KILLEEN, TEXAS — The military court-martial of Major Nidal Hasan, accused of killing 13 people at Fort Hood in November 2009, is set to begin at the central Texas army base on Tuesday. After delays lasting more than three years, many at Fort Hood and in the neighboring Texas city of Killeen, are anxious to see the process finish. But some experts say the slow process was the right one.

The mass shooting and Fort Hood 2009, and the arrest of one of its own was devastating to the military base and to the nearby town of Killeen.

Most residents are connected directly or indirectly to Fort Hood. They are angry about the shooting and the delay in bringing Major Hasan to justice.

"We all know he's guilty. He admits he did it. Let's just get it over with," one resident complained.

"There shouldn't be a trial about it. He did what he did and everybody saw that he did it," noted another resident.

Retired Army Staff Sergeant Dorothy Ann Grogan-Gardner was nearby when the shooting started. She said the army could have prevented the massacre if it had taken note of Hasan's conversion to radical Islam.
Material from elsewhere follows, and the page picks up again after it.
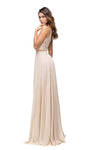 A-line Halter High-Neck Cutout Illusion Keyhole Back Zipper Racerback Beaded Jeweled Sheer Floor Length Natural Waistline Prom Dress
"His behavior, his mannerisms, the things he was saying; the red flags were there," she said.

Some of those who were wounded in the attack have filed suit against Hasan and the U.S. government. Many residents cheer that effort.

Killeen Mayor Dan Corbin said the suits are not likely to go far. But he understands why residents, with their ties to Fort Hood, take this case personally.

"The first thing we dealt with was the shock and the grief. That was followed by a period of anger at the perpetrator," the mayor explained, "and, since then, disappointment at how slowly the wheels of justice seem to turn.”

Military Law expert Geoffrey Corn, who teaches at the South Texas College of Law, said the court's deliberate pace in preparing the trial against Hasan will pay off.

"I prefer the word methodical rather than slow," Corn said. "Haste, in this case, could have gotten a conviction and it would have been in jeopardy on appeal.

While the delays have been painful for many, Mayor Corbin said people in Killeen are ready to handle their emotions.

"We are a very resilient community. You have to understand that more soldiers deploying out of Fort Hood have been killed than from any other post," he stressed. “We have attended so many funerals and dealt with so much grief that when this happened in 2009, it was, to a certain extent, just more of the same.”

Uniformed military personnel stationed at Fort Hood, speaking off camera, said they are just going about their work and not thinking too much about the trial, but they are glad to see it's finally getting underway.